After giving Rolling Stone a glimpse of what it takes to be the "Michael Jackson Protestor," Baltimore's Dimitri Reeves shows off his moves and optimism with a performance of Michael Jackson's cover of the Beatles' classic "Come Together." Atop the yellow semi-truck that transports Reeves and his manager Vaughan Mason around the city, the singer and dancer does his best imitation of the King of Pop's iconic performance ticks before jumping into the growing crowd of onlookers.
As the city he loves is being torn apart by the controversy and tragedy surrounding Freddie Gray's death due to a mysterious spinal injury while in police custody, Reeves has gained national attention this week for performing classics like "Man in the Mirror" and "Beat It" in front of riot police. He's become known as the "Michael Jackson Protestor," trying to lighten Baltimore's darkness.
"We try to show positivity," Reeves told Rolling Stone. "We actually go to the hood areas and try to show love and support for those who are less fortunate and those who just need their minds taken off the negativity."

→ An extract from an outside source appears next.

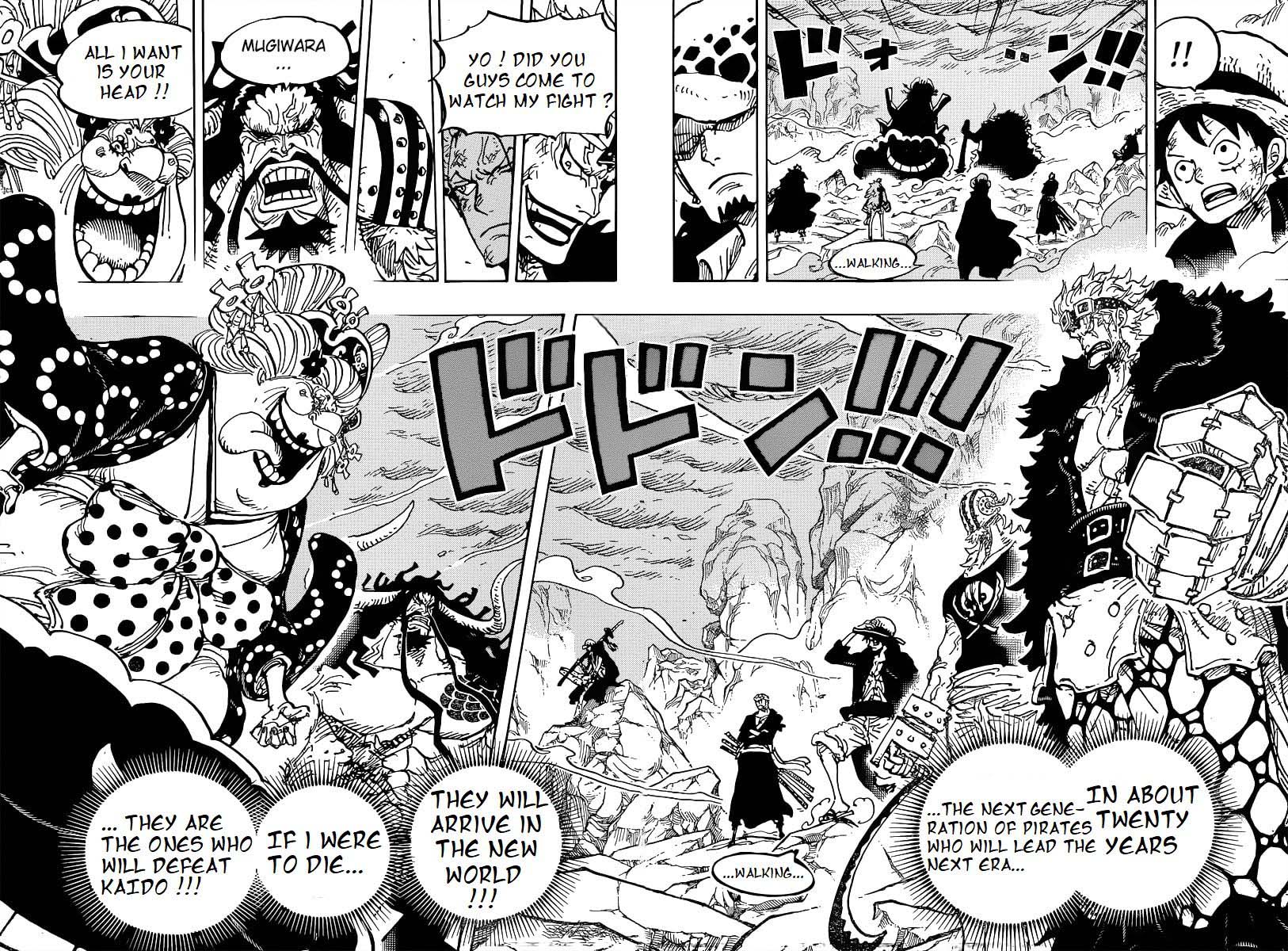 One Piece Manga Chapter 1000 page 8 - Straw Hat Luffy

The Beatles originally released "Come Together" on their 1969 album Abbey Road. Following Jackson's mid-Eighties purchase of the publishing rights to the Beatles' catalog, the King of Pop recorded and performed his cover several times throughout his career, including a live version that appears in the film Michael Jackson: Moonwalker. A studio version appeared on the album HIStory, which blended a greatest hits compilation with original material.